> _STORED DATA_:
* * *
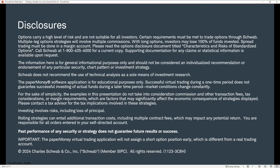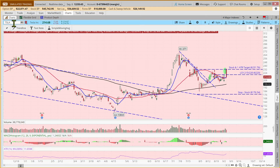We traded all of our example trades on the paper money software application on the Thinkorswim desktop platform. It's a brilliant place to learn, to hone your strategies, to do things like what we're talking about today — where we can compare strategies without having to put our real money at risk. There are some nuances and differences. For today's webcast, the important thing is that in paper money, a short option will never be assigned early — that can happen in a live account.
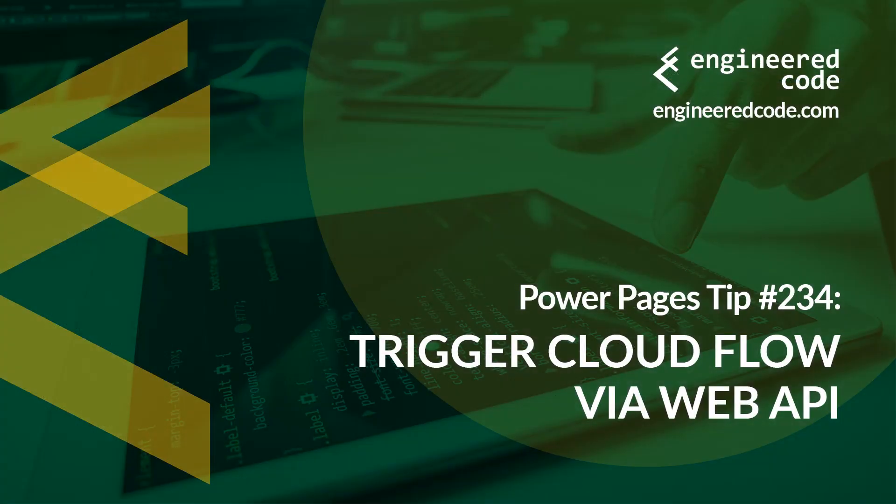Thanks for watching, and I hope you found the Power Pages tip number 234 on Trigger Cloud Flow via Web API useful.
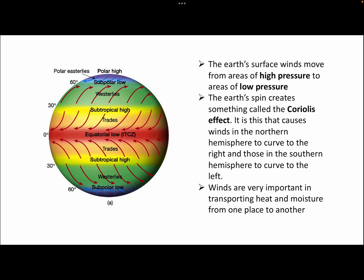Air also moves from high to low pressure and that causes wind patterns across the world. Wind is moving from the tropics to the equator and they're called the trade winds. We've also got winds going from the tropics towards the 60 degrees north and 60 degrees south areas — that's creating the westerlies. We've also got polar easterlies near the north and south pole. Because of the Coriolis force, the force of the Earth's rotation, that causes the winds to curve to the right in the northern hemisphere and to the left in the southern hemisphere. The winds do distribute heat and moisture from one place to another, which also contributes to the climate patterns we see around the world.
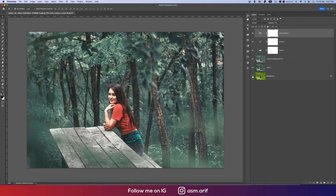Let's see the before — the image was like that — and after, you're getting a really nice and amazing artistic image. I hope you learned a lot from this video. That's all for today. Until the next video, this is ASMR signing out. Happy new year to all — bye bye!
* * *
> _WHAT YOU ARE ASKED TO DO_: Output only the lines that run from the line containing "Air also moves" to the last line of the data, exactly as they stand and without pictures.

> _ANSWER BOX_:
Air also moves from high to low pressure and that causes wind patterns across the world. Wind is moving from the tropics to the equator and they're called the trade winds. We've also got winds going from the tropics towards the 60 degrees north and 60 degrees south areas — that's creating the westerlies. We've also got polar easterlies near the north and south pole. Because of the Coriolis force, the force of the Earth's rotation, that causes the winds to curve to the right in the northern hemisphere and to the left in the southern hemisphere. The winds do distribute heat and moisture from one place to another, which also contributes to the climate patterns we see around the world.
Let's see the before — the image was like that — and after, you're getting a really nice and amazing artistic image. I hope you learned a lot from this video. That's all for today. Until the next video, this is ASMR signing out. Happy new year to all — bye bye!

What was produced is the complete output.